Query: "Add a comment to issue #1 in rocket-connect/mcp-rag saying 'This is a test comment'"

  • Selected tool: create_issue_comment
  • Tokens used: 1,187
  • Response time: 1,532ms

Every query selected the correct tool on the first try. The system successfully matched natural language queries to specific GitHub operations through semantic similarity.

Why Vector Search Works

Traditional keyword matching struggles with natural language queries:

Query: "Let the team know about the deployment"
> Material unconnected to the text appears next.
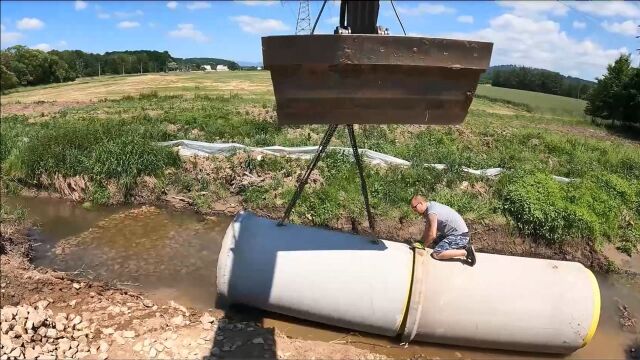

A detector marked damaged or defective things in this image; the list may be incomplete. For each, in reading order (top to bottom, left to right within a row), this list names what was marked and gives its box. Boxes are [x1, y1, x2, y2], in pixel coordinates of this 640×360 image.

Keyword Match: Looks for exact words like "team", "know", "deployment" Problem: Misses tools like send_message, post_to_channel, notify_users

Vector Match: Understands semantic similarity Success: Correctly finds messaging and notification tools

Vector embeddings capture meaning rather than just matching words. They understand that "let the team know" and "send a message" are semantically similar, even without word overlap.

Implementation: Core Components

The MCP-RAG implementation consists of two main packages:

1. Neo4j Package (@mcp-rag/neo4j)

Handles all graph database operations through a CypherQueryBuilder class that generates parameterized Cypher queries:

Tool Indexing: The createDecomposedTools method stores tool schemas with vector embeddings in a graph structure.

Vector Search: The vectorSearchDecomposed method queries using Neo4j's native vector index with configurable similarity thresholds.

Schema Management: Methods like createVectorIndex and checkVectorIndex manage the vector index infrastructure.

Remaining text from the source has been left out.